Se trataba de un credo plasmado en los documentos que fundaron y declararon el destino de una nación…
Sí podemos.
Fue susurrado por los esclavos y los abolicionistas mientras avanzaban por el sendero rumbo a la libertad…
Sí podemos.
Fue cantado por los inmigrantes mientras llegaban desde costas lejanas y por los pioneros que viajaban al Oeste enfrentando una tierra salvaje e inclemente…
Sí se puede.
Fue el llamado de los trabajadores que se organizaron; de las mujeres que exigieron el derecho a voto; por el presidente que escogió a la luna como una nueva frontera y por un Rey que nos llevó hacia la cima de montaña y nos enseñó el camino hacia la Tierra Prometida.
Sí se puede, con justicia e igualdad.
Sí se puede, con oportunidad y prosperidad.
Sí se puede aliviar a esta nación.
Sí podemos reparar a este mundo.
Sí se puede.
Sabemos que la batalla que enfrentaremos será larga, pero recordemos siempre que no importan los obstáculos que se interpongan en nuestro camino, nada puede interponerse ante el poder de millones de voces que exijan el cambio.
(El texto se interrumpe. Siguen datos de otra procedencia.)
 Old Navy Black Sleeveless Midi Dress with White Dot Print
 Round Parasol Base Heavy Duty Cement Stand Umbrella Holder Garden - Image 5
Nos han dicho que no podemos lograrlo, por un coro de cínicos, cuyos parloteos se intensifican y se vuelven disonantes. Nos han pedido que nos detengamos a reflexionar sobre la realidad. Nos han hecho advertencias sobre ofrecerle falsas esperanzas a esta nación.
Pero en historia improbable que es Estados Unidos, nunca ha habido falsedad en la esperanza.
Hoy las esperanzas de la pequeña que asiste a una escuela deteriorada en Dillon son las mismas que los sueños del chico que aprende en las calles de Los Ángeles; recordaremos que algo está sucediendo en Estados Unidos; que no estamos tan divididos como sugieren los políticos; que somos un sólo pueblo; somos una sola nación y juntos iniciaremos el siguiente gran capítulo de la historia americana con tres palabras que retumbarán de costa a costa, de un mar al otro…
Sí se puede.
Ya sé a quien votaría si fuese estadounidense, y tendría claro a quién votaría si alguien en España me diese un discurso así… que lástima de política española…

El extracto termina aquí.